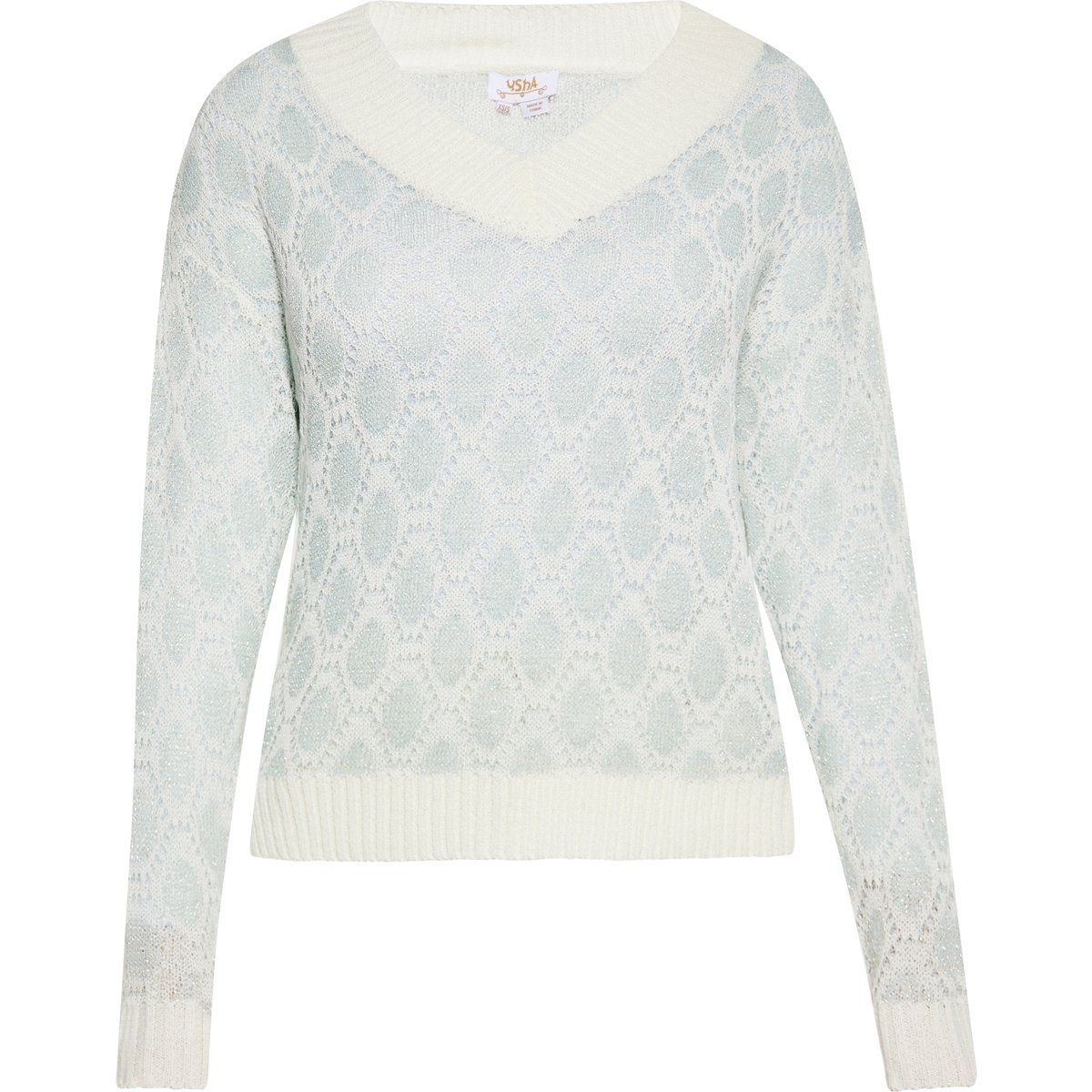 Eleganter gemusterter Strickpullover mit V-Ausschnitt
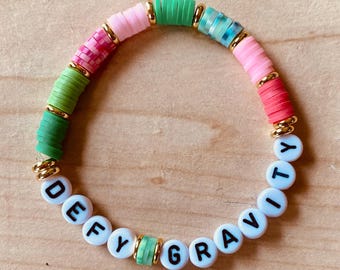 DEFY GRAVITY - Pink and Green Handmade Wicked Friendship Bracelet - Popular - For Good - Quality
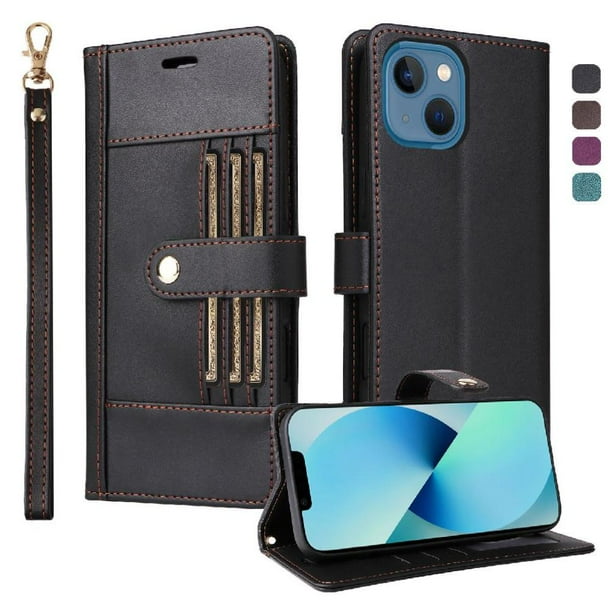 FOXDOCK Funda tipo Cartera para iPhone 15 Plus – Cubierta de Cuero PU con Múltiples Ranuras, Bolsillo para Efectivo y Correa de Muñeca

• • • •

* _EXERCISE DETAILS_:
Please produce an exact copy of the listing, omitting the pictures.

* _COMPLETED TASK_:
 Eleganter gemusterter Strickpullover mit V-Ausschnitt
 DEFY GRAVITY - Pink and Green Handmade Wicked Friendship Bracelet - Popular - For Good - Quality
 FOXDOCK Funda tipo Cartera para iPhone 15 Plus – Cubierta de Cuero PU con Múltiples Ranuras, Bolsillo para Efectivo y Correa de Muñeca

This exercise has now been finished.